His first save came against Lowell on July 4. Since then, he's allowed five runs on 13 hits in 16 1/3 innings while converting 10 of 11 save opportunities.
"I guess they saw something out of me to make them want to start using me out of the back end of the bullpen like I did in college," said Self before a recent game against the Mahoning Valley Scrappers. "I feel like I had more success in the back end of the bullpen."
He's enjoyed that success with a four-pitch repertoire that consists of a fastball, cut fastball, slider and changeup.
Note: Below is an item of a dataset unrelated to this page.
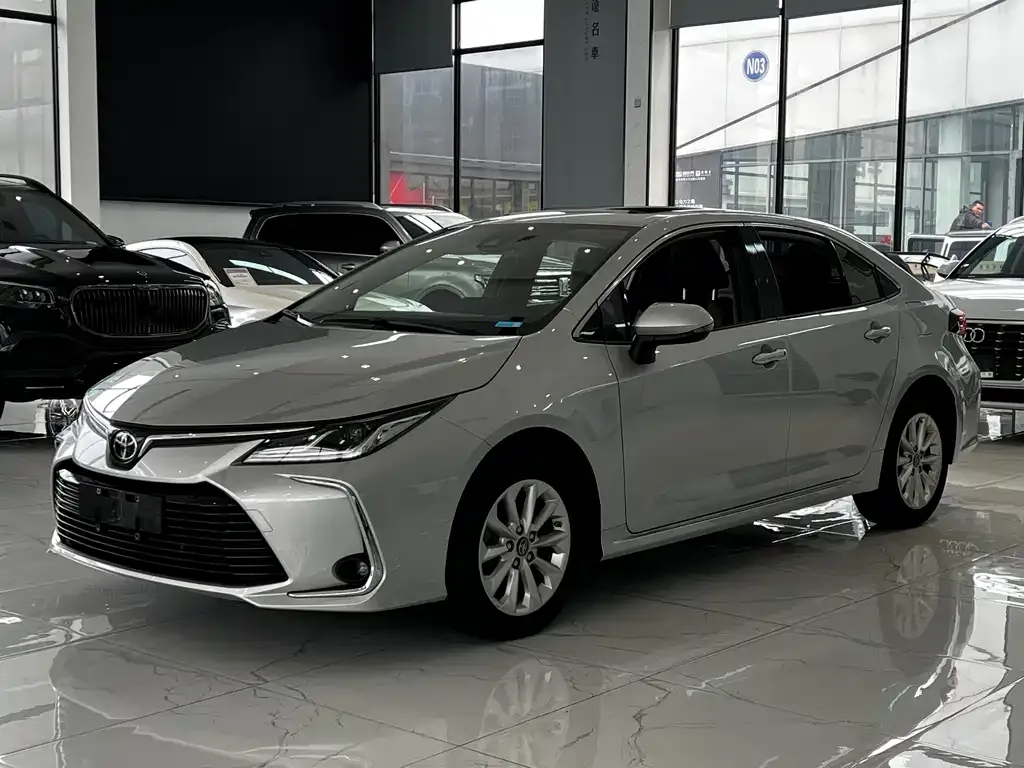 Toyota Corolla 2024 из CN, фото 1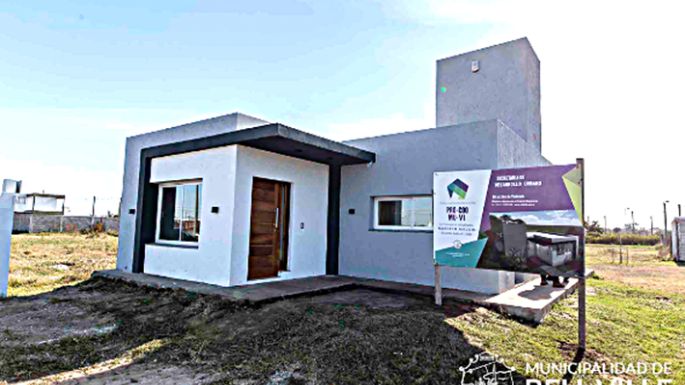 Entregaron otra vivienda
The fastball sits in the low-to-mid 90s and is the pitch he uses most often, while the cut fastball has become one of his most trusted offerings.
"I just recently put the cutter in, last year in college, and it really worked well for me," he said. "It's been one of my go-to pitches, or when I'm facing a solid hitter where you can't just throw straight fastballs to him, because anybody can catch up to a fastball."
While it might be considered unusual for a relief pitcher to throw four different pitches, Self feels that having so many options makes him better, especially if one or more of them isn't working on a given day.
"I feel like it's important if you've got four of them you can throw, then you just really have the hitter off-balance," Self said. "Because maybe one day the cutter isn't working, I might go with the slider. Maybe one day both aren't working -- I need an off-speed pitch -- I go with the changeup. Because you can't just sit there and rely on your fastball the whole time."
Despite the variety of his repertoire, his collegiate background as a starter/reliever and his reluctance to call himself Auburn's closer, it's clear that Self is pleased with the path his career is taking.
"I think I like the 'pen a little better because starting, you're more relaxed and you've got to keep your composure a little better. It's a slower tempo," said Self. "I like the fast tempo. I like getting amped up before I go out there to throw. I like to go out there and throw all-out, so definitely [I'm more comfortable in] the 'pen. I like pressure situations."
Former Doubleday reaches milestone: Bluefield Blue Jays manager Dennis Holmberg won his 1,300th career game last Friday with a win over the Burlington Royals. Holmberg won 429 of those games in the NYPL, where he spent 10 years with the Newark Co-Pilots (1977) and Auburn Doubledays (2002-10). He won division titles in his first five seasons with the Doubledays, capping the run with a championship in 2007.
The road ain't so bad: Tri-City leads the league with a 41-14 record, including a 23-5 mark on the road. Since 2005, only the 2005 (26-12) and 2006 (25-12) Oneonta Tigers won at least 25 road games in a season. The ValleyCats play 10 more games away from Joseph L. Bruno Stadium this season, traveling to Brooklyn, Lowell, Connecticut and Vermont.
Challenging history: The last pitcher to lead the NYPL in wins and strikeouts was Hamilton's Dave Oehrlein in 1992, but Brooklyn's Rainy Lara is in position to challenge for leadership in both categories: his seven wins are currently the best total in the league, while his 63 strikeouts are only four behind teammate and league leader Luis Mateo.
Ouch: State College Spikes outfielder Tyler Gaffney has been hit by a league-leading 17 pitches in just 31 games this season. The NYPL single-season record is 24, set by Mahoning Valley's Christopher Gimenez in 2004. Gimenez went on to play the 2005-06 seasons for Cleveland's Class A affiliate in Lake County, where he was hit by a total of 51 pitches over the course of the two seasons.